Still marketed only to qualified retirement plans, CITs also offer a flexible expense structure. Despite tough new Department of Labor fee disclosure guidelines that take effect next month, advisers expect these traditionally opaque funds to keep most of their operating cost advantage over mutual funds.

Pressure from plan participants who think sponsors can do better than just buying a retail product is helping drive pension plans to CITs, explains David Hand, CEO of Houston-based Hand Benefits & Trust Co., a division of Benefit Plans Administrative Services of Utica, New York, that provides CIT valuation services. “Large plans, like defined benefit plans, negotiate directly with managers, who place the funds in other investments, including CITs.” Initial investment minimums, once as high as $100 million, are another draw. In 2007, JPAM lowered the minimum for plans wanting to invest in its target-date-style funds, which use CITs, from $50 million in assets to $25 million.

CITs, which have been around since the late 1920s, are invested by bank trustees and trust companies, and overseen by banking regulators such as the Office of the Comptroller of the Currency. Unlike mutual funds, CITs are exempt from Securities and Exchange Commission regulations on disclosure, but both vehicles must comply with Department of Labor and ERISA rules. As for CITs’ share of the defined contribution market, there’s no definitive picture. Of the $4.8 trillion in U.S. defined-contribution-plan assets at the end of 2011, $2.3 trillion was invested in mutual funds, compared with some $2 trillion in CITs, according to Phillip Chiricotti, president of the Center for Due Diligence, a data research firm in Western Springs, Illinois. Chiricotti, who wants to see standardized reporting for CITs, predicts “significant growth” in their use by defined contribution plans as custom solutions become more popular.

In many cases CITs may offer better pricing than mutual funds, says Steven Rabitz, a partner in the employee benefits and executive compensation practice group of New York–based law firm Stroock & Stroock & Lavan. Whereas mutual funds charge retail investors and defined contribution plans the same fees, sponsors can negotiate with CITs. “As assets grow, fees can drop in incremental steps,” says Thomas Applegate, a New York–based client portfolio manager for ING Group, which manages $2.5 billion in CITs.
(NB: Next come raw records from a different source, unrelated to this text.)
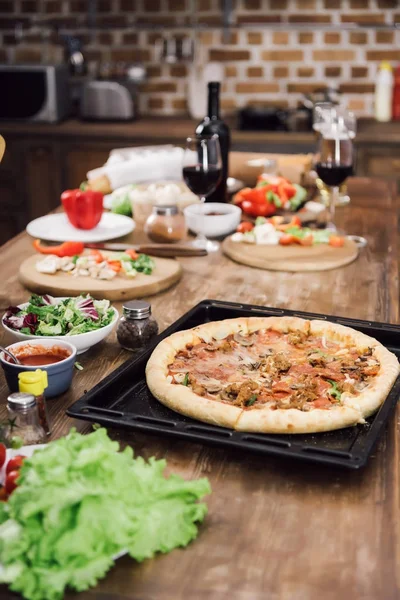Deliciosa pizza caseira na mesa na cozinha — Stock Photo
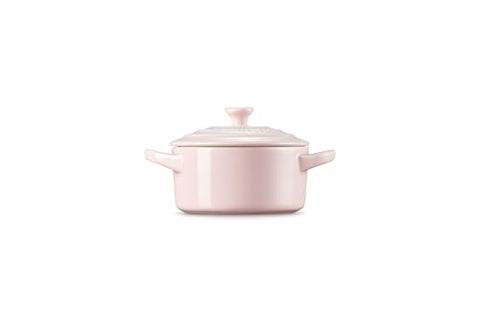 Le Creuset mini round cocotte exceptional heat distribution for even browning.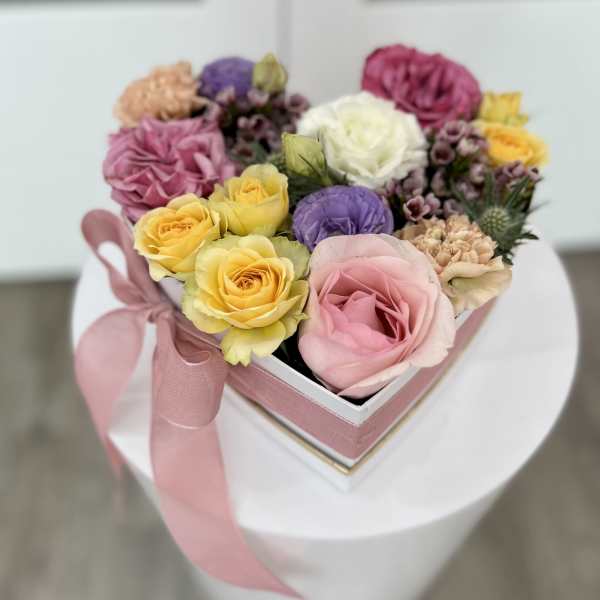 Heart-shaped box of pastel roses and carnations with a pink ribbon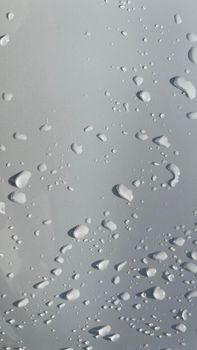 Water droplets perspective through white color surface good for multimedia content backgrounds, fresh dew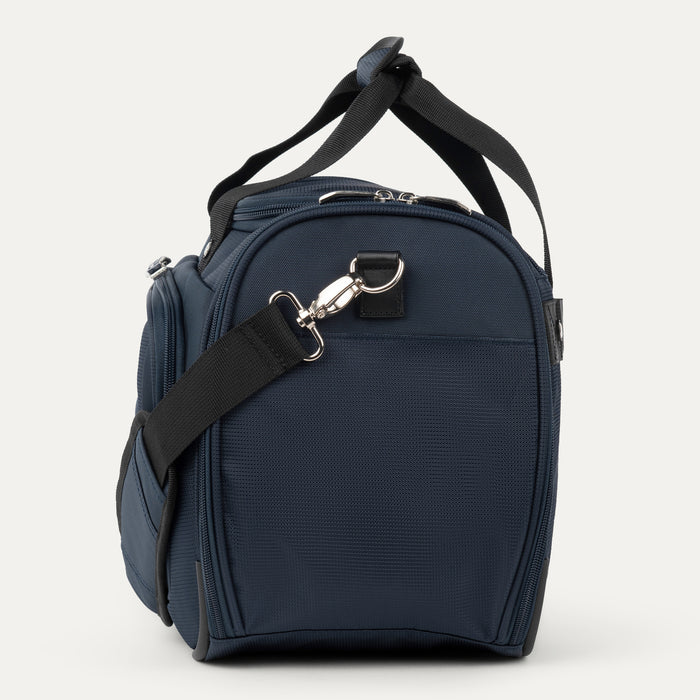 side view of the midnight blue travelpro maxlite 5 soft tote showing the adjustable shoulder strap attached to the metal d-ring and the exterior side pocket for quick access items.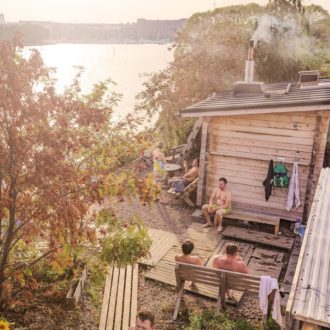Plusieurs personnes à la taille ceinte d’un drap de bain sont assises sur des bancs en bois sur un rivage, tandis qu’on voit à côté une petite maison en bois munie d’une cheminée.
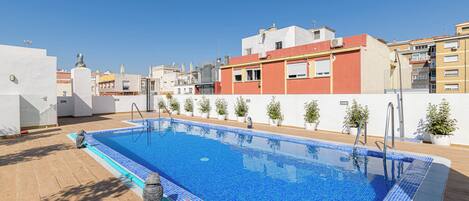 A rooftop swimming pool with a tiled edge, surrounded by potted plants and a clear blue sky.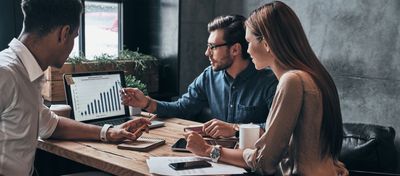 Desk with calculator, paperwork, keyboard, coffee, and office supplies.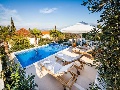 Pool with sun lounges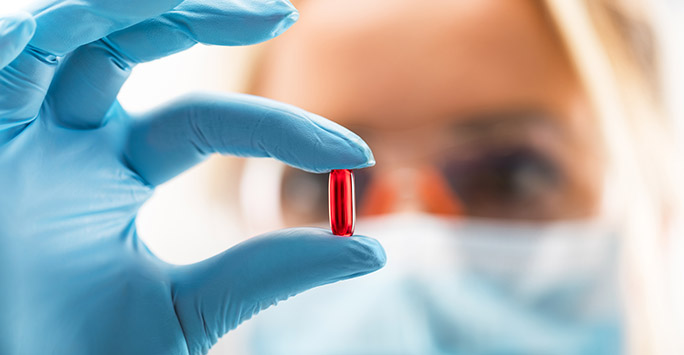 Lab scientists looking at a medicine tablet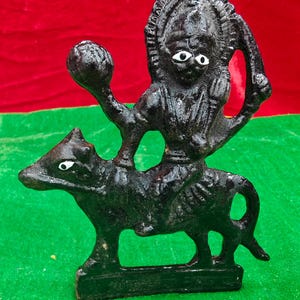May include: A black cast iron sculpture of a deity riding a bull. The deity holds a ball in one hand and a curved object in the other. The bull has white eyes. The sculpture is on a green base with a red and green background.
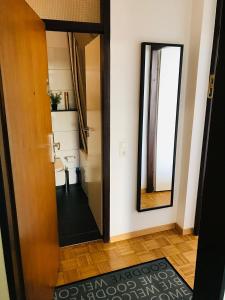 a door leading into a bathroom with a mirror at Messe Apartment Köln West in Cologne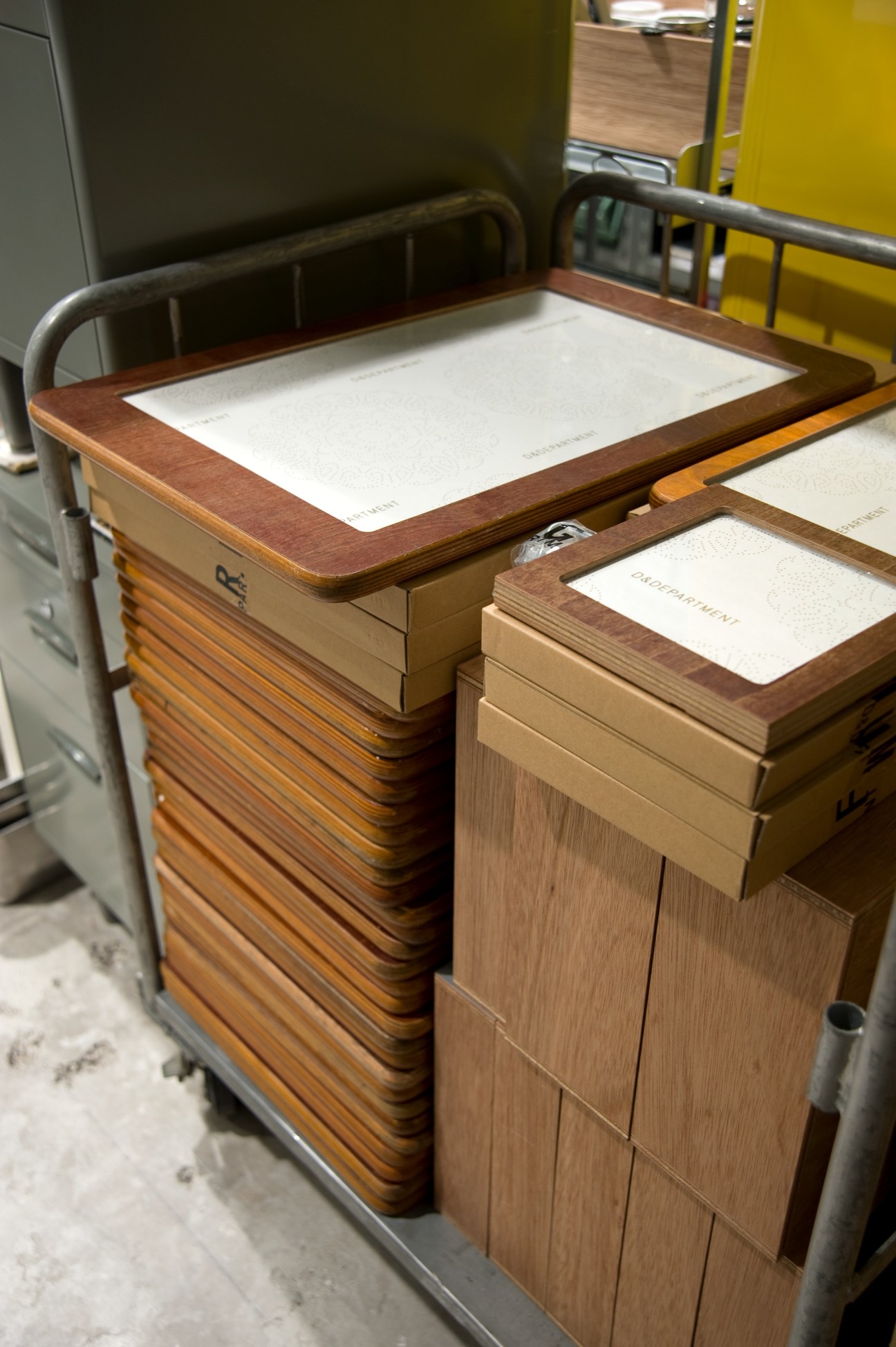 Wooden photo frames made from repurposed school desktops displayed on vintage furniture.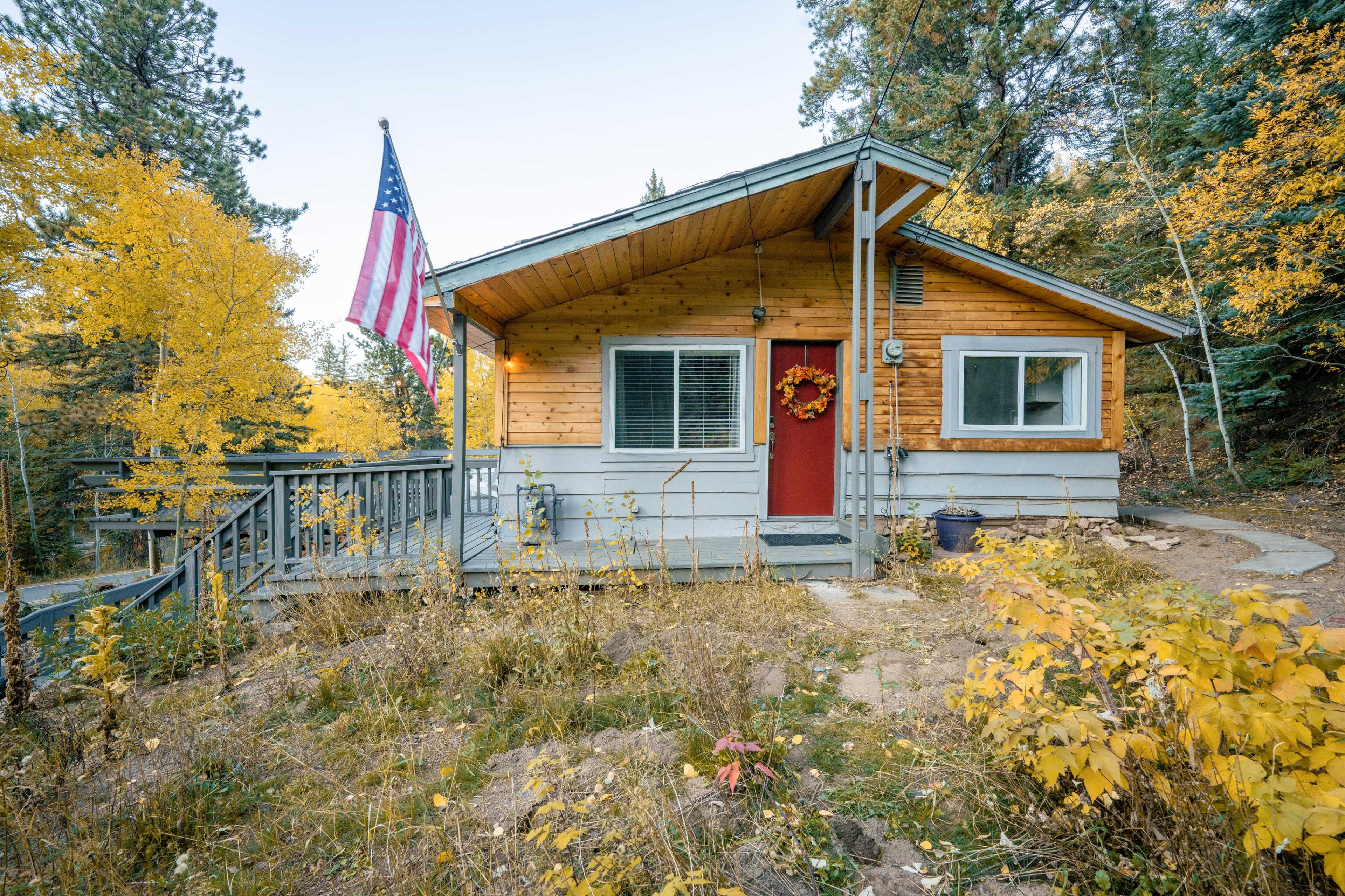 A wooden cabin with a red door and an American flag is set amidst autumn foliage.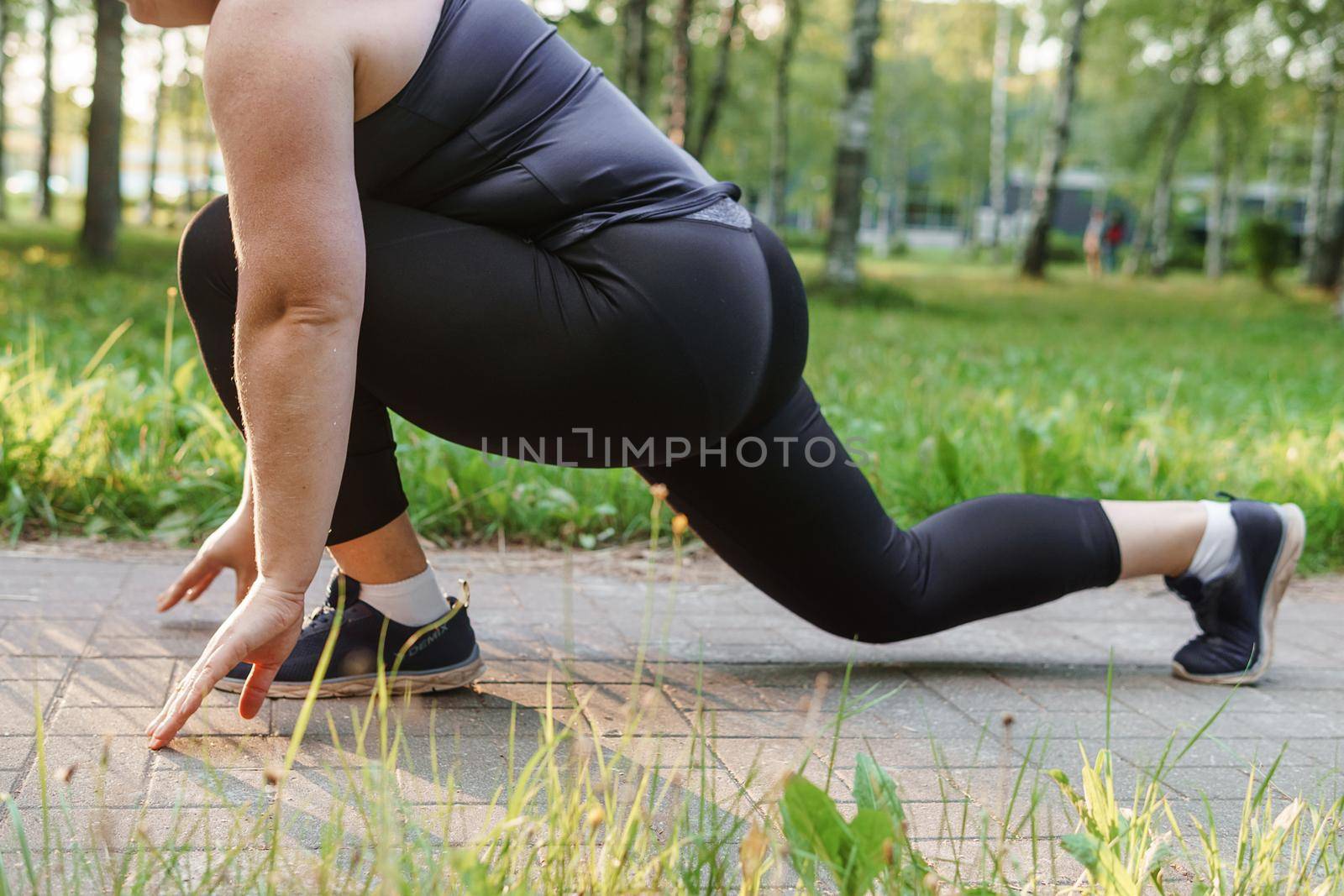 A charming brunette woman plus-size body positive practices sports in nature.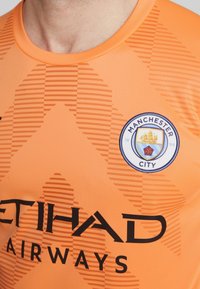 Maglia da portiere arancione con un design testurizzato. Presenta testo nero per "ETIHAD AIRWAYS" e un logo circolare blu del Manchester City.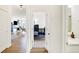 Hallway view showcasing hardwood flooring, doorways leading to various rooms, and natural light at 4425 Maize Ln, Whitestown, IN 46075
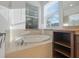 Bathroom with garden tub and large window at 16792 Meadows St, Clermont, FL 34714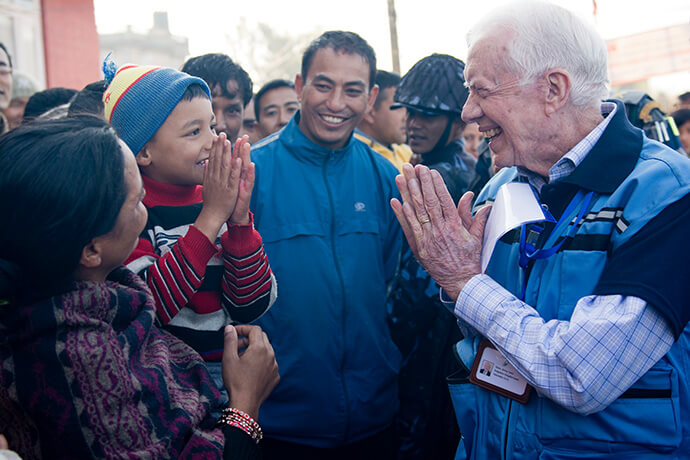 Jimmy Carter greets a young Nepali boy with the customary Namaste gesture during The Carter Center’s observation of Nepal’s constituent assembly elections in November 2013. Photo courtesy of The Carter Center.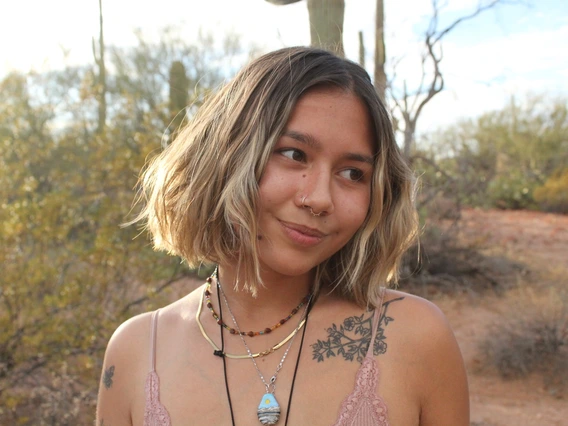 An up-close picture of Maya gazing to the side of the camera. She is standing on a desert trail in Ariozna which cacti in the background.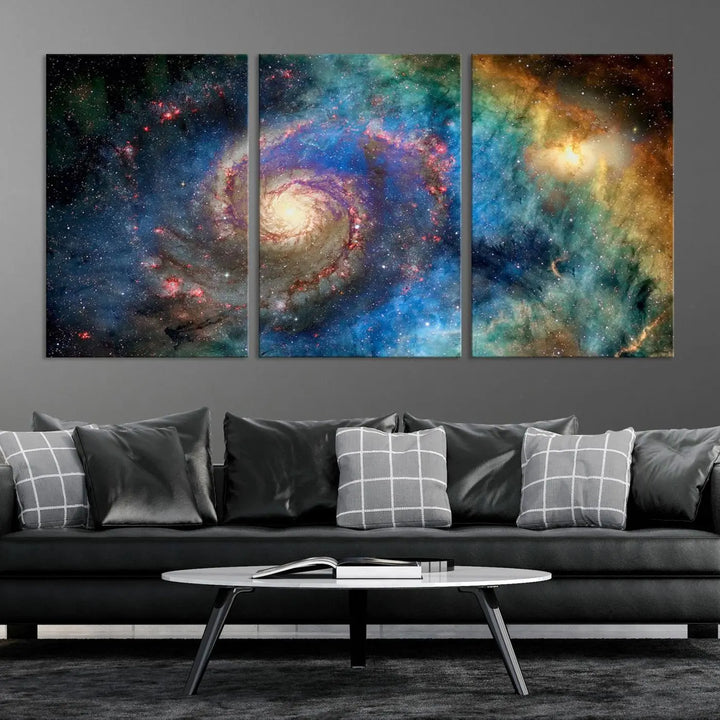 The living room showcases three colorful space-themed paintings titled "Spiral Galaxy Wall Art Canvas Print" on the wall, featuring museum-quality craftsmanship with vibrant colors through high-resolution printing.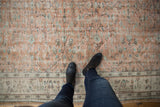Distressed vintage Oushak rug showing textural pale terracotta and mint green floral vinery.
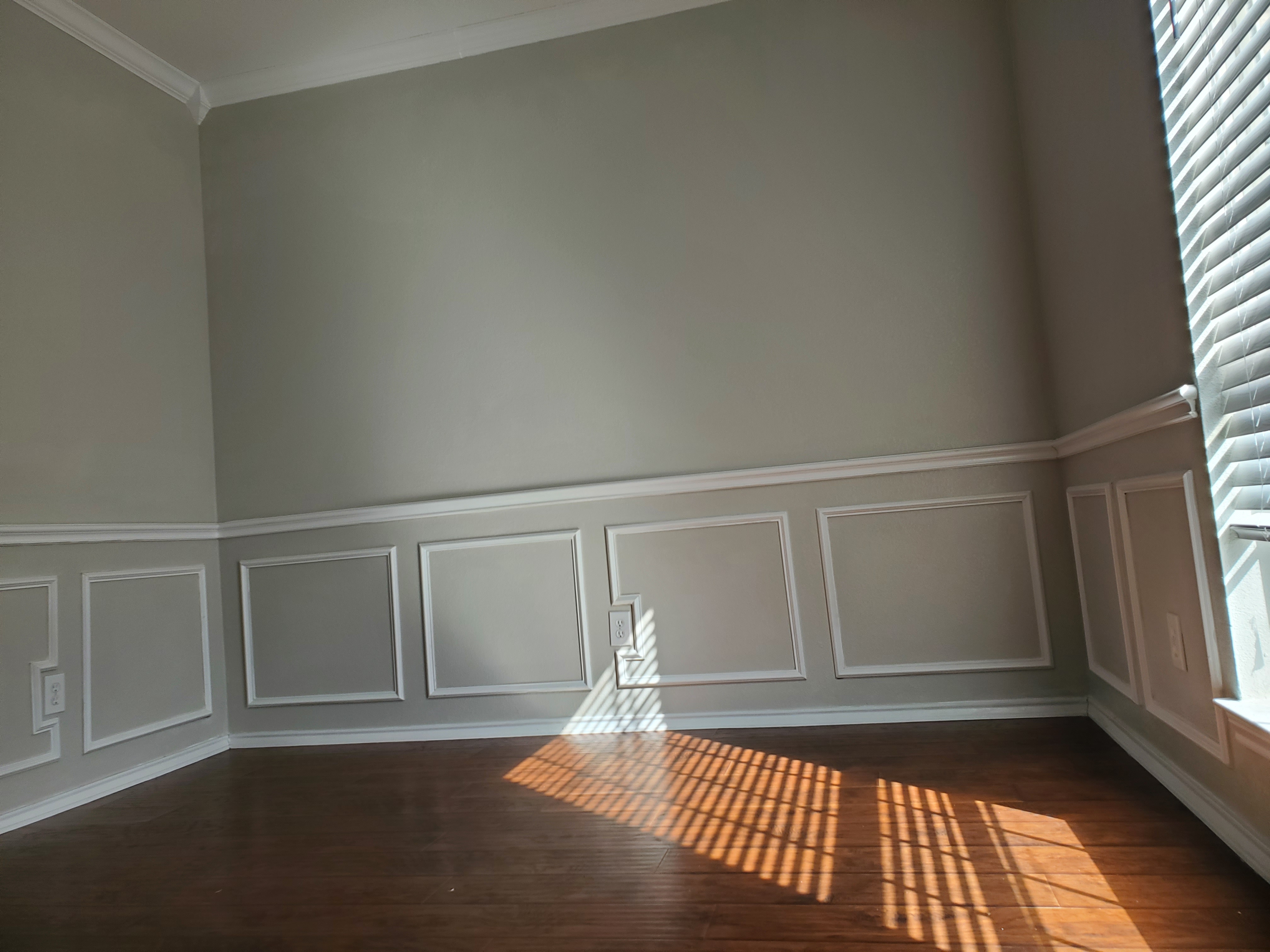 an interior shot of an empty room with hardwood floors, wall paneling with white trim, crown molding, closed window blinds with sunbeams streaming through, and a single outlet on the wall.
Under the DoL’s new disclosure rules, CITs that want to be offered as ERISA retirement vehicles must be as transparent as mutual funds, with one exception: If the plan negotiates management fees so they’re embedded in the expense ratio, quarterly disclosure isn’t mandatory. “Some might argue that essentially leaving participants in the dark about financial adviser compensation is contrary to the spirit of Dodd-Frank and DoL goals regarding fee transparency,” says Marcia Wagner, managing partner at Boston-based Wagner Law Group, an ERISA specialist.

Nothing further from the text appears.